▸ Dataset excerpts:
────────────────────────────────────────

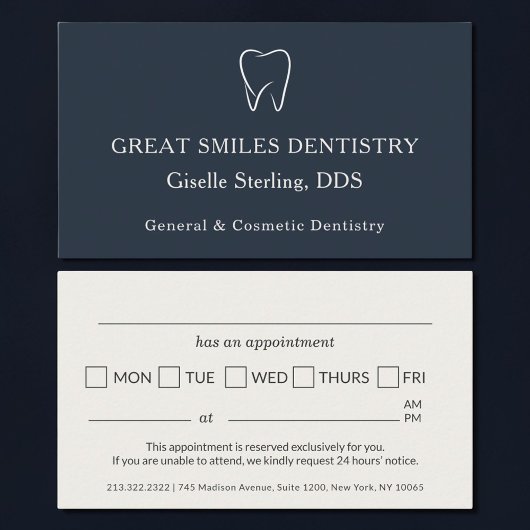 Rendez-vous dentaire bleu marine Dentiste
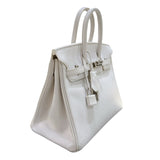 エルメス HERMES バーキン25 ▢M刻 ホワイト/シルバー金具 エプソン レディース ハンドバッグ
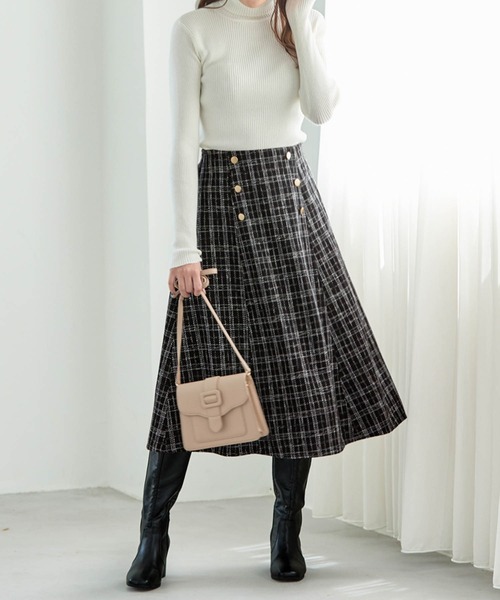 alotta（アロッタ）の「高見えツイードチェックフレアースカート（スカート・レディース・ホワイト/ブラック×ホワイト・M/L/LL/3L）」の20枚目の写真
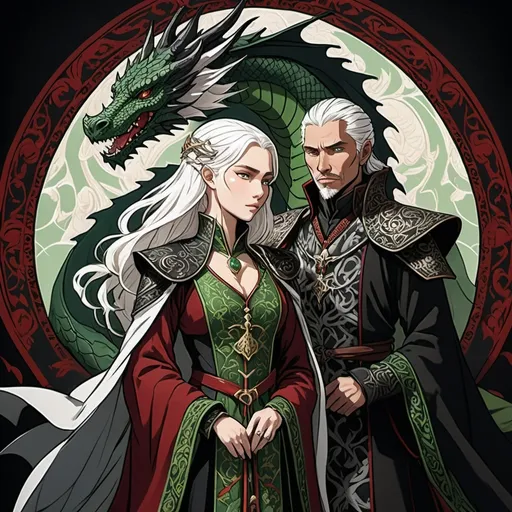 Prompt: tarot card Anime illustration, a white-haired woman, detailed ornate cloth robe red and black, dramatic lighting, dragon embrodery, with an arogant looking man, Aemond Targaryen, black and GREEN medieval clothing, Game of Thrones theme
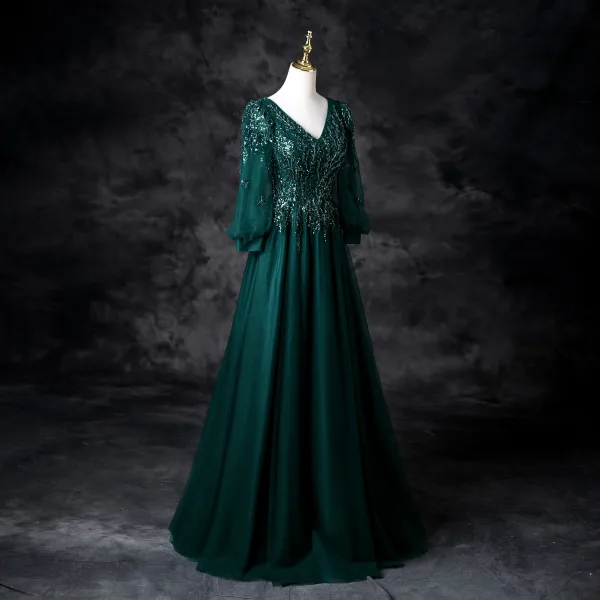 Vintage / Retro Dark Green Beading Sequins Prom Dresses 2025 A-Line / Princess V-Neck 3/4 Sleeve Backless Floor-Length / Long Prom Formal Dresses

────────────────────────────────────────

▸ Task to complete:
Leave out the pictures and repeat the remaining data exactly.

▸ Response:
 Rendez-vous dentaire bleu marine Dentiste
 エルメス HERMES バーキン25 ▢M刻 ホワイト/シルバー金具 エプソン レディース ハンドバッグ
 alotta（アロッタ）の「高見えツイードチェックフレアースカート（スカート・レディース・ホワイト/ブラック×ホワイト・M/L/LL/3L）」の20枚目の写真
 Prompt: tarot card Anime illustration, a white-haired woman, detailed ornate cloth robe red and black, dramatic lighting, dragon embrodery, with an arogant looking man, Aemond Targaryen, black and GREEN medieval clothing, Game of Thrones theme
 Vintage / Retro Dark Green Beading Sequins Prom Dresses 2025 A-Line / Princess V-Neck 3/4 Sleeve Backless Floor-Length / Long Prom Formal Dresses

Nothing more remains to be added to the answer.